Yes, the regulations are coming together and yes, batteries are getting better, but the economics of the light trainer market remain an uphill struggle for electric airplanes. Short endurance and charge-time waits are a nuisance, not a feature.
Pipistrel sales exec Michael Coates told me there’s a certain novelty factor in buying an electric airplane or putting one on the flight line for training. But that’s neither enough to drive a sales boom nor attract-at least thus far-people wishing to learn to fly who might resonate with the green idea of an electric airplane.
Yet Pipistrel has found buyers who might be called the hardcore early adopters. Some are flight schools, some are private owners. “They’re usually driving a Tesla or a Prius. They buy the airplane because they feel guilty about damaging the planet and they’re willing to put up with the limitations,” Coates adds.
He believes the electric market will reach a turning point when endurance is routinely at three hours. That’s what George Bye predicts for the eFlyer, but I’d like to see it demonstrated before saying the corner has been turned.
Battery cycle life still remains an unknown. Pipistrel’s Ivo Boscarol says the company believes the Electro will need two battery sets or perhaps a little less in the same 2000-hour TBO run for a Rotax gasoline engine. Again, the technology has too little recent history to prove if this is deliverable or if it can be improved. Without that history, Bye Aerospace claims to be there. But it will be another three to five years before we know if that claim is credible.
One Year: Four Electros
Finding an electric airplane to fly in the U.S. is all but impossible because the only choice-Pipistrel’s Alpha Electro-isn’t certified and isn’t recognized under the light sport rule.
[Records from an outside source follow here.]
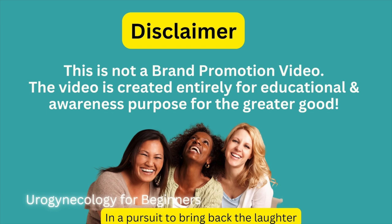Before I start this video, let me confirm that it is not a brand promotion video. The video is created entirely for education and awareness purposes.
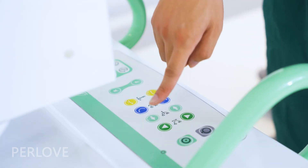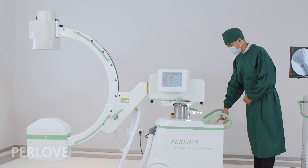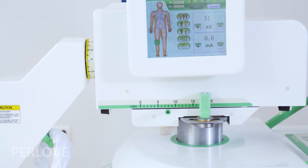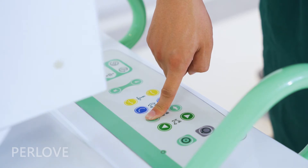This control panel makes the C-Arm electrically lift up and down 400mm, and electrically move backward and forward 200mm.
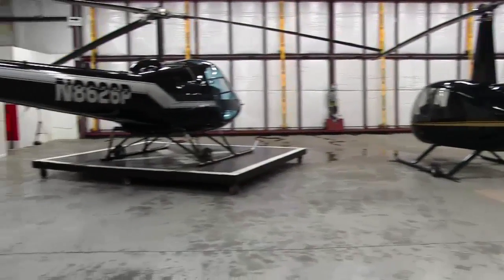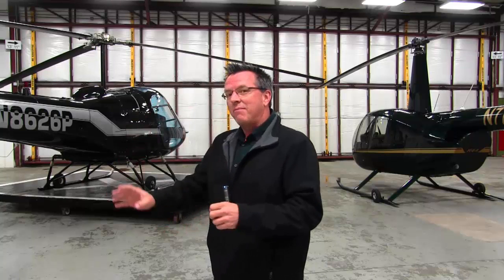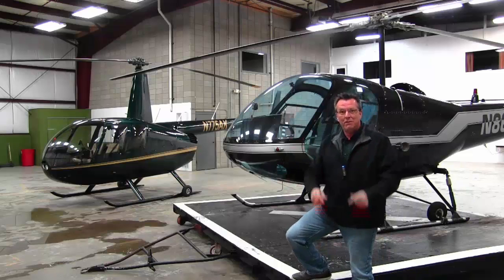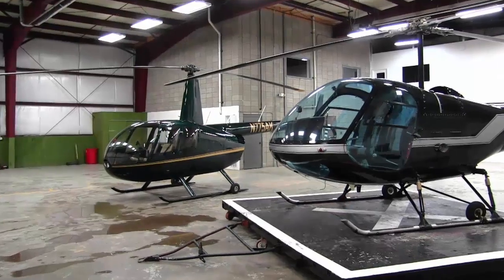So what would I pick — Robinson or Enstrom — if I was going to buy one today? It depends on what I'm going to be doing with the aircraft. If I was buying a helicopter just for fun, to go where I want and feel really super safe, I would pick the Enstrom. But if I was buying one for training and commercial operations, I would have to say I'd pick the R44. So the question now is — which one would you pick? Thanks for checking out this video. Please give us a like and a share and get those arguments going in the comments below!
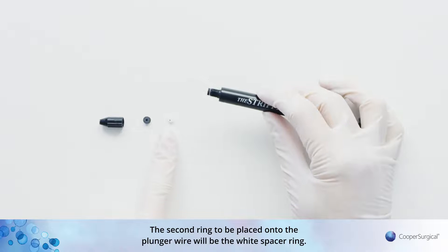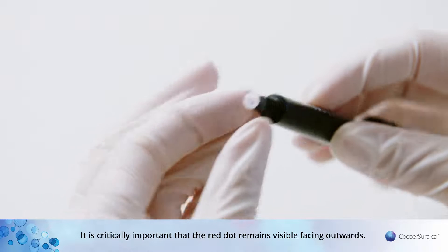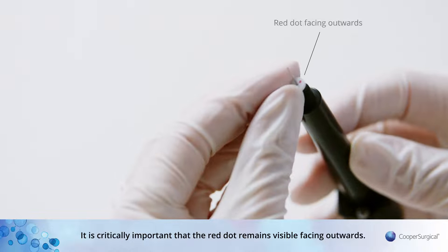The second ring to be placed onto the plunger wire will be the white spacer ring. It is critically important that the red dot remains visible facing outwards.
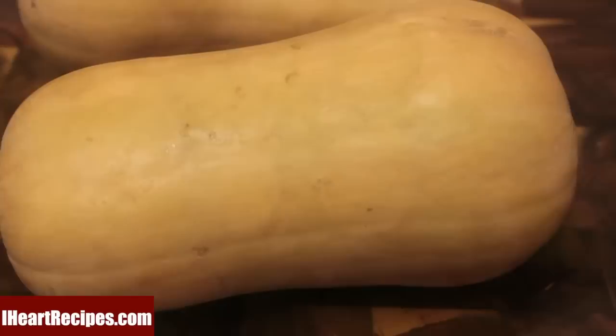Here's my butternut squash. I'm going to peel it with a potato peeler and then remove all of the seeds. Next I'm going to chop this butternut squash into small or medium cubes.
A California group called the Sustainable Aviation Project got around this by flying the Electros under an experimental arrangement. They bought four Electros with a local grant from Fresno County, California, as an advanced transportation demonstration project.
SAP’s Joseph Oldham says the four aircraft have been flying for a year and have accumulated some 170 hours in what’s largely a demonstration role. Oldham says the group has spent the time testing, validating performance and learning the limitations of electric flight.
The verdict? “The aircraft have quite a lot of capability. Pipistrel designed it as a pattern trainer, but it can actually do more than that if you have the infrastructure set up so that airports are relatively close to each other,” Oldham says. That means installing charging stations at more than one site.
The Electro POH recommends that the airplane be flown so as to land with a battery charge of no less than 20 percent. Oldham says that gives the airplane about a 50-mile range. “I now fly them about an hour and still have a good reserve. In the pattern, they’re easily an hour or a little more, because you regen on every descent, ” Oldham says, referring to Pipistrel’s unique propeller that drives the motor and returns power to the batteries.
Oldham says touch and goes aren’t recommended because the batteries do better at absorbing the regeneration charge if they aren’t immediately asked to deliver takeoff power. The group bought 15-kw chargers for the airplanes, one stationed at each of three airports. Typical charge times from 20 percent are between 90 and 100 minutes, Oldham reports. “You don’t have to take them back up to 100 percent, if you just want to do a couple of laps around the pattern,” Oldham adds. When we asked Pipistrel’s Ivo Boscarol what maintenance the airplane requires, he said none. Has this turned out to be true for the SAP fleet? “They’re super reliable. There’s just one moving part. There’s really nothing to do with the battery packs. You just monitor the system,” Oldham told us. He said one motor developed a rough bearing and Pipistrel sent a replacement. “There’s no runup, there’s no warm up. You just taxi out and take off. It’s simple operation. As a trainer, I think it’s awesome,” Oldham says.